Work to complete: Pictures are to be excluded. Please print only the lines from the one containing "Doctor adjusts medical" through the end of the data, exactly as they appear.

——————

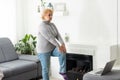 Training At Home. Sporty senior woman doing yoga plank while watching online tutorial on laptop, exercising in living Royalty Free Stock Photo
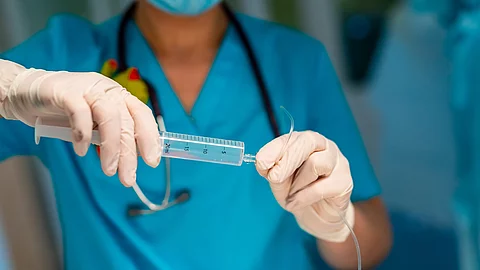 Doctor adjusts medical dropper with medicine in surgery room. Selective focus on hands.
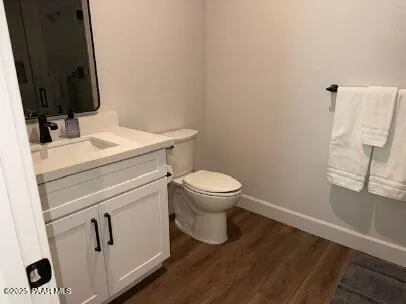 a bathroom with a toilet and a sink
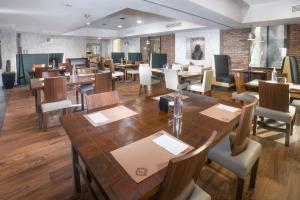 a dining room with wooden tables and chairs at Four Points by Sheraton Saltillo in Saltillo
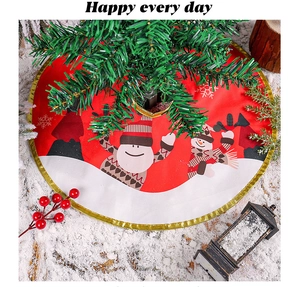 Detail of red Christmas tree skirt with snowman print and elegant gold braided border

——————

Finished exercise:
 Doctor adjusts medical dropper with medicine in surgery room. Selective focus on hands.
 a bathroom with a toilet and a sink
 a dining room with wooden tables and chairs at Four Points by Sheraton Saltillo in Saltillo
 Detail of red Christmas tree skirt with snowman print and elegant gold braided border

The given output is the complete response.